Studies have shown that competitive and non-competitive NMDA receptor antagonists can inhibit the development of opioid tolerance. The non-competitive NMDA receptor antagonist MK-801 reduces opioid tolerance and dependence without affecting the anti-injurious effects of opioids.
There is a positive feedback mechanism between opioids and excitatory amino acids, especially NMDA receptors, and intracity injection of a small dose of azadirachtin (1 mg) enhances the analgesic effect of morphine in experimental animals.
Opioid tolerance is often accompanied by down-regulation of opioid receptor function and NMDA receptor activation.

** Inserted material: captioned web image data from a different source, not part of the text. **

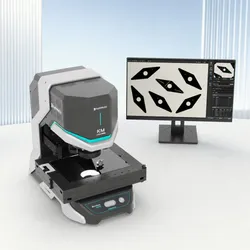 Máy đo quang học độ phân giải cao để phân tích kích thước vi lỗ của màng lọc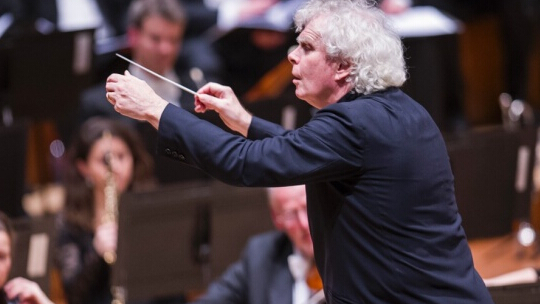 贝多芬第一交响曲 西蒙拉特 2015~2016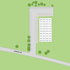 Azalea Apartments Skyview Map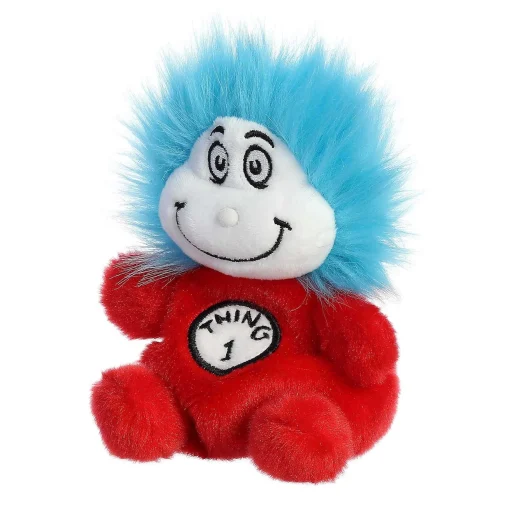 Aurora® - Dr. Seuss - Palm Pals - 5" Thing 1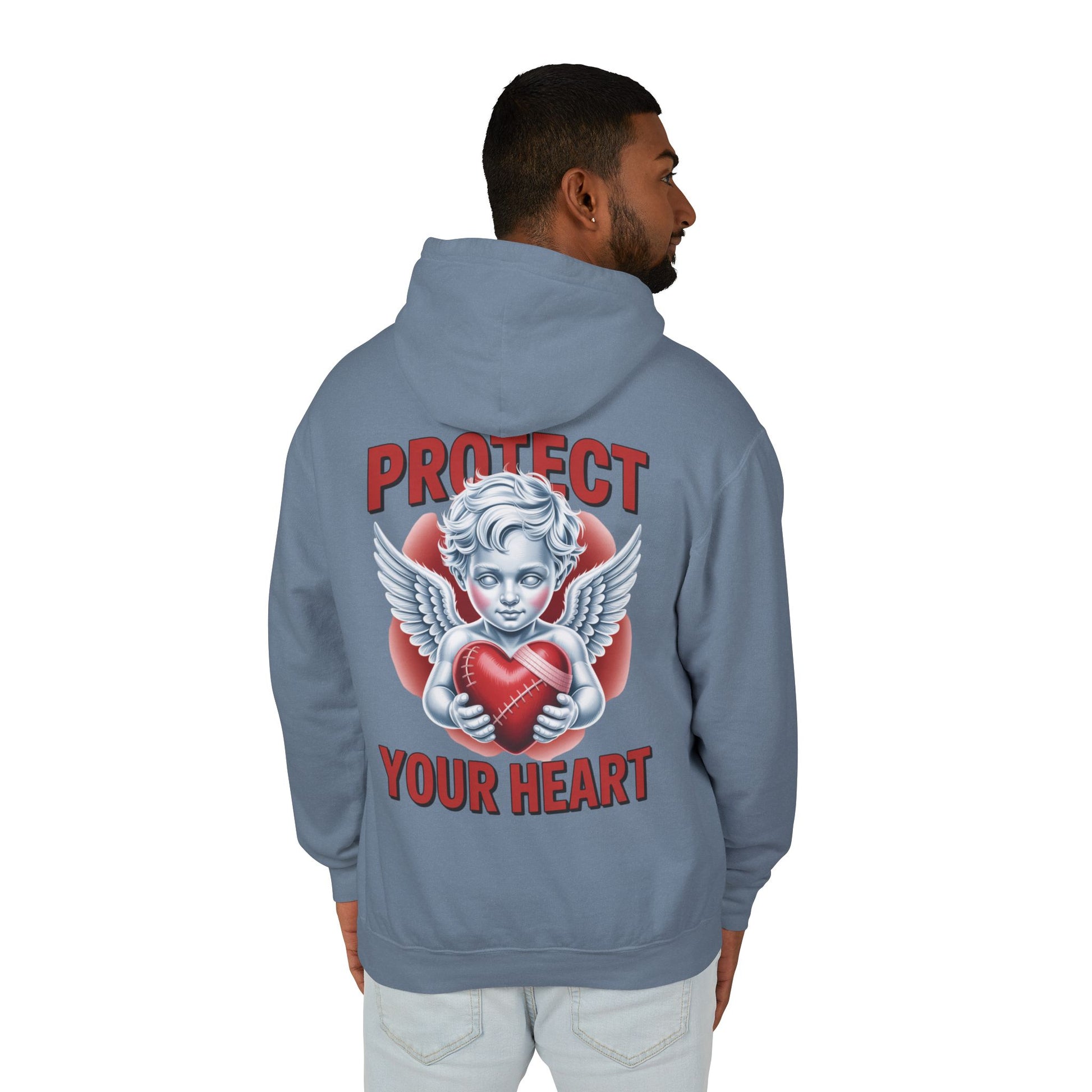 Heart Protector Hoodie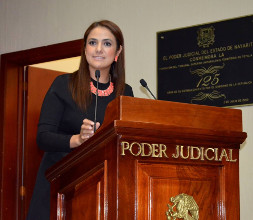 Tendremos mejor sociedad con la participaci&oacute;n de mujeres en pol&iacute;tica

4.3.3.5 α2-adrenergic receptor agonists: α2 receptor activation inhibits central and peripheral norepinephrine release, decreases injurious conduction, and regulates body temperature and motor behavior. Colistin has been widely used for acute and chronic pain treatment by oral, intramuscular, or intralesional injection, and has analgesic synergistic effects with local anesthetics and opioids in both central and peripheral areas, and for opioid-tolerant chronic pain, it also has It also has analgesic effects on opioid-tolerant chronic pain.
4.3.3.6 Calcitonin: It has significant analgesic effects, and the mechanism of action is not well understood, but may be related to the regulation of the downstream pain sensory control pathway. Calcitonin is not only used for the treatment of osteoporosis, but also has good effect on phantom limb pain and even complex regional pain syndrome (CRPS).
4.3.3.7 Hormones
The analgesic effect of hormones has not been confirmed, and there are still different views on their application as analgesic purpose, so the indications and contraindications should be strictly controlled. The indications for hormones include cancer pain, especially bone metastatic pain and pain caused by inflammatory reactions in certain acute bones and joints, muscles, ligaments and myofascia. Contraindications include osteoporosis, fracture trauma repair period, diabetes, hypertension, active peptic ulcer, infectious diseases, etc.
The combination or overlapping of drugs of the same nature only increases the dosage of drugs, which does not improve the efficacy, but increases the incidence of adverse reactions.
Single drug analgesia and simple analgesia are sometimes difficult to achieve the desired therapeutic effect, and can be used in combination according to the actual situation of the patient and active causal treatment to increase the efficacy and reduce adverse reactions. Some scholars believe that the management of orthopedic pain is a kind of symptomatic treatment, which is suspected of masking the disease and delaying treatment.
However, the current more consistent view is that after a clear diagnosis or during the treatment process, reasonable analgesic drugs chosen according to the patient’s condition can relieve the pain of the patient’s organism, reduce the patient’s mental pressure, help improve the patient’s quality of life, and complement the smooth progress of etiological treatment. In conclusion. Only by carefully analyzing the causes of pain and the advantages and disadvantages of various pain treatments can orthopedic pain be treated safely and effectively.